I have a 500,000 list of latitudes and longitudes coordinates like below:
Latitude Longitude
42.022506 -88.168156
41.877445 -87.723846
29.986801 -90.166314
I am looking to use python to get the city, state, and country for each coordinate in a new column like below:
Latitude Longitude City State Country
42.022506 -88.168156 Streamwood IL United States
41.877445 -87.723846 Chicago IL United States
29.986801 -90.166314 Metairie LA United States
With this large of a dataset, how can this be achieved in python? I have heard of Google's API, Nominatim's API, and Geopy package.
How do I get to run through all of the rows into this code? Right now I have to manually input the latitude and longitude into the last line.
import csv
import pandas as pd
import numpy as np
import math
from geopy.geocoders import Nominatim
input_file = "Lat-Log.csv" # file contains ID, Latitude, Longitude
output_file = "output.csv"
df = pd.read_csv(input_file)
geolocator = Nominatim(user_agent="geoapiExercises")
def city_state_country(coord):
location = geolocator.reverse(coord, exactly_one=True)

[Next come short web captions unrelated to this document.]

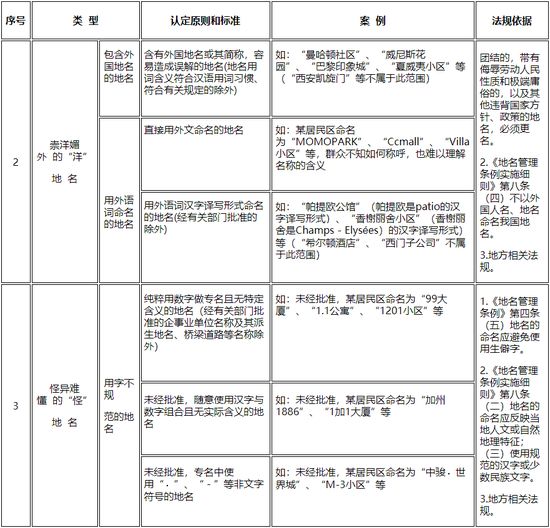 西安不规范地名整治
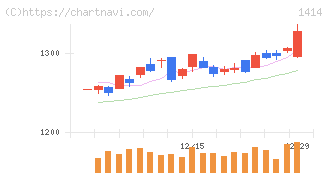 ショーボンドホールディングス(1414)の日足チャート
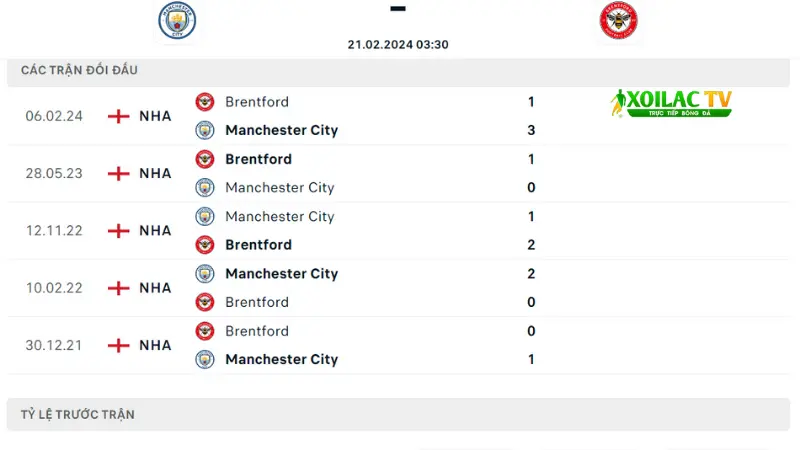 Man City vs Brentford
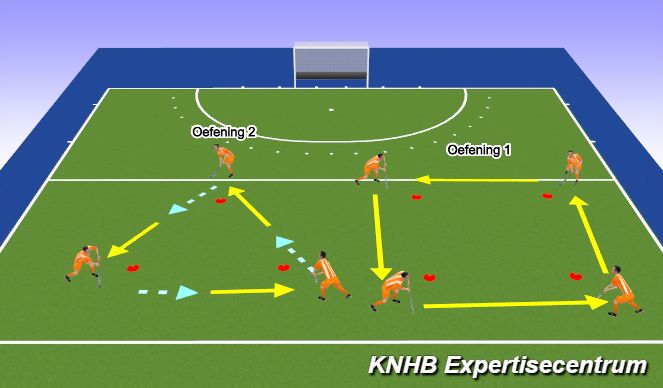 Hockey Session Plan Drill (Colour): Techniek - flatsen push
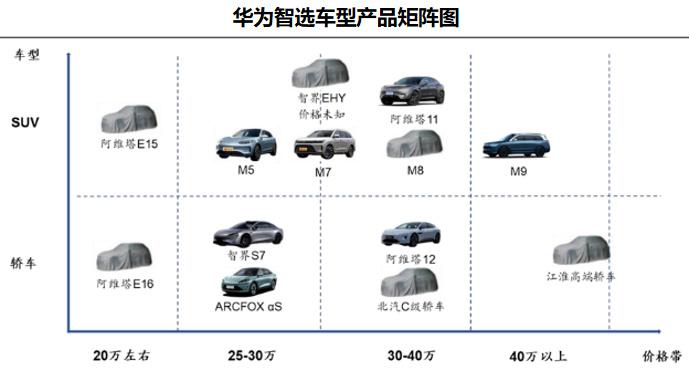 江淮汽车 华为 尊界_江淮汽车股票走势图
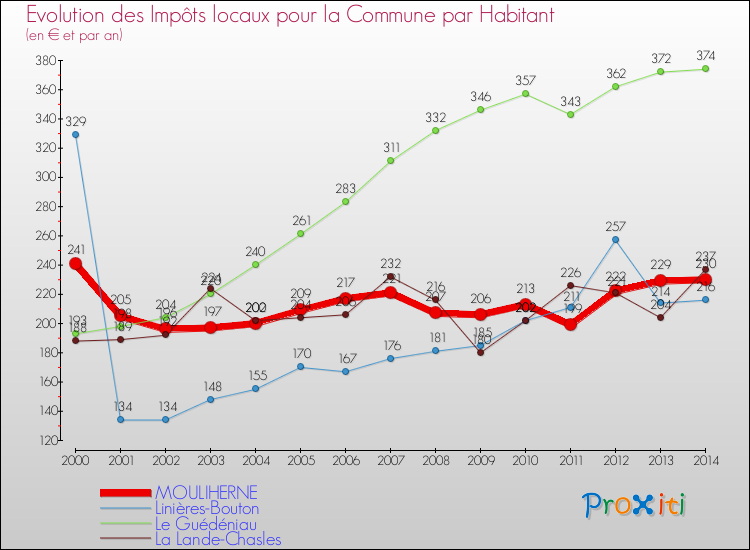Evolution et montant des impôts locaux par Habitant pour MOULIHERNE et les communes proches de 2000 à 2014 Comparaison des impôts locaux par habitant pour MOULIHERNE et les communes voisines de 2000 à 2014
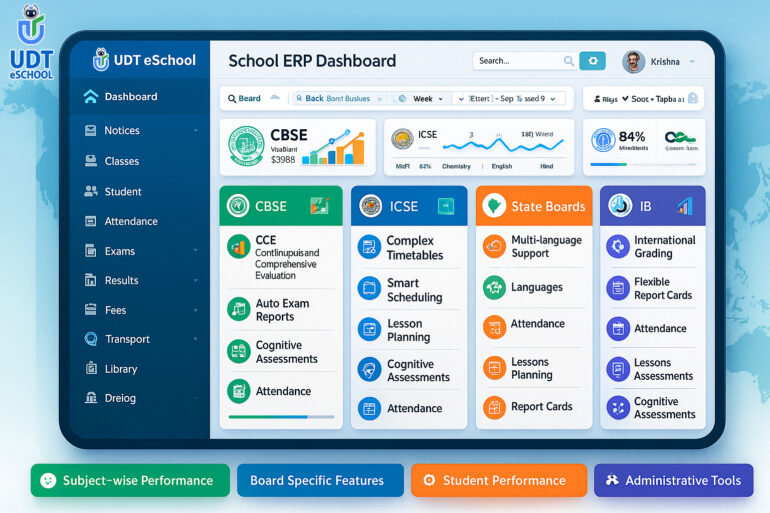 School ERP Dashboard Showing Board Specific Features Across India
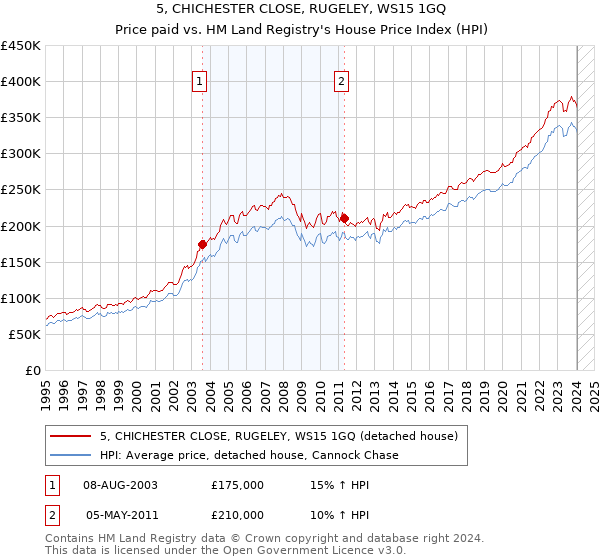 5, CHICHESTER CLOSE, RUGELEY, WS15 1GQ: Price paid vs HM Land Registry's House Price Index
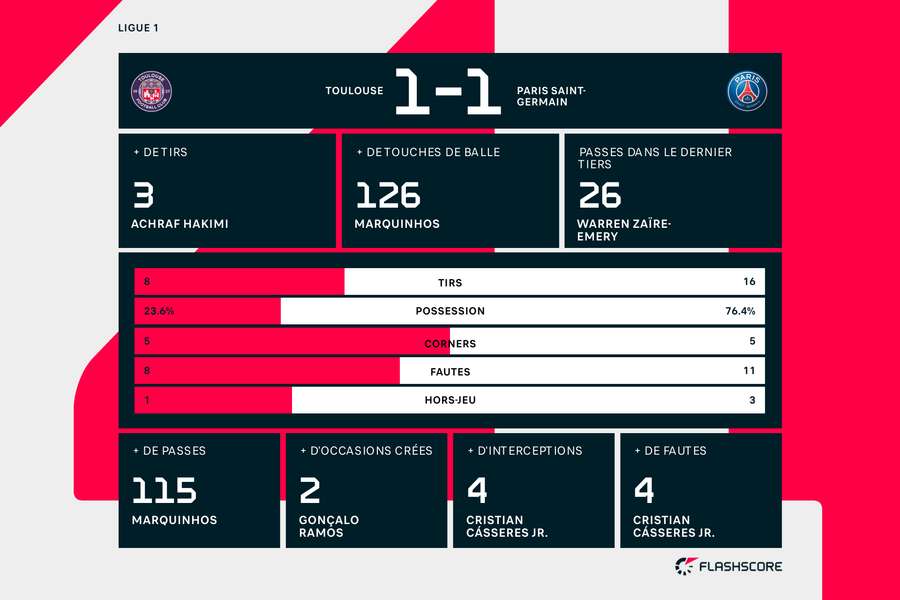 Les statistiques du match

address = location.raw['address']
city = address.get('city', '')
state = address.get('state', '')
country = address.get('country', '')
return city, state, country
print(city_state_country("47.470706, -99.704723"))

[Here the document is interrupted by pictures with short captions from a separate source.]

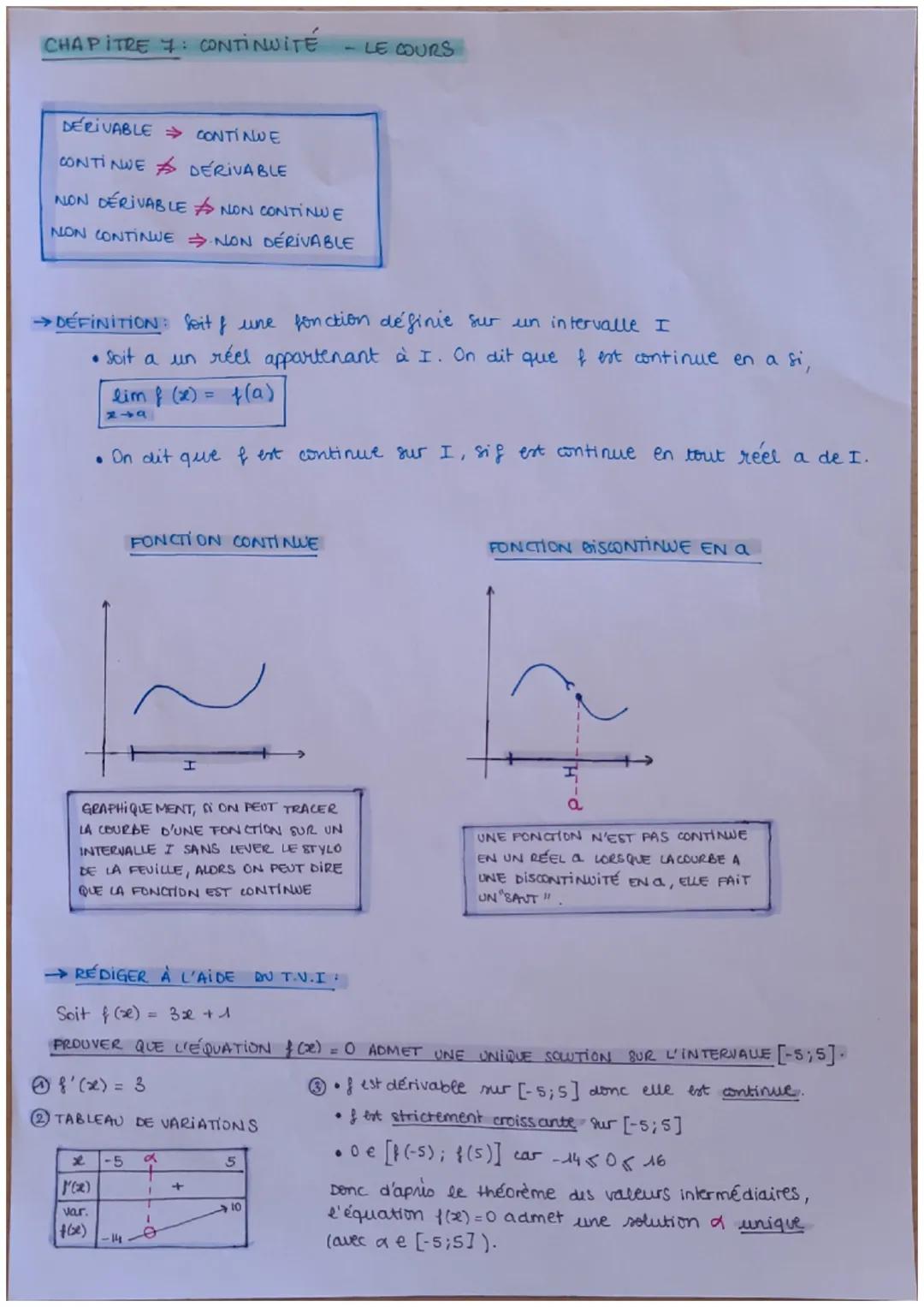 CHAPITRE 7: CONTINUITÉ - LE COURS

DÉRIVABLE $\rightarrow$ CONTINUE
CONTINUE $\nRightarrow$ DERIVABLE

NON DERIVABLE $\nRightarrow$ NON CONT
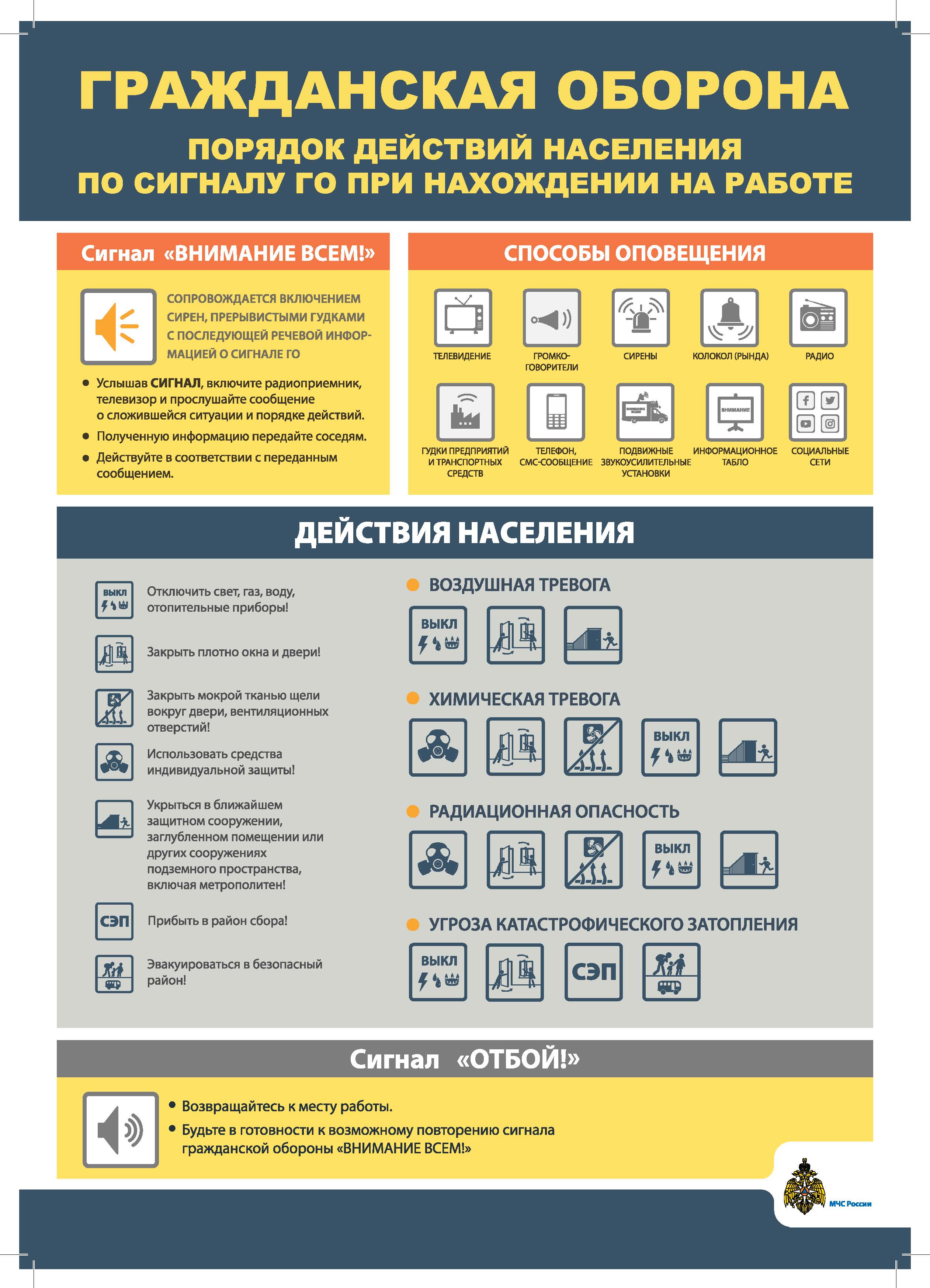 Памятка &quot;Действия по сигналам ГО, если на работе.&quot;.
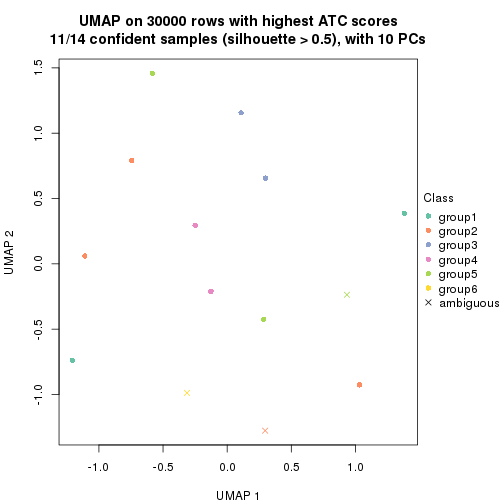 plot of chunk tab-node-01213-dimension-reduction-5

The output gives me ('Bowdon', 'North Dakota', 'USA'). I am looking to replace the coordinates with my columns (latitude and longitude) to run through my list. How do I input my columns into the code to run through the whole document?
CodePudding user response:
You want to run a function on each row, which can be done using apply().
There are two complications, which is that you want to 1) provide multiple arguments to the function, and 2) get back multiple results.
These questions explain how to do those things:
- python pandas- apply function with two arguments to columns
- Return multiple columns from pandas apply()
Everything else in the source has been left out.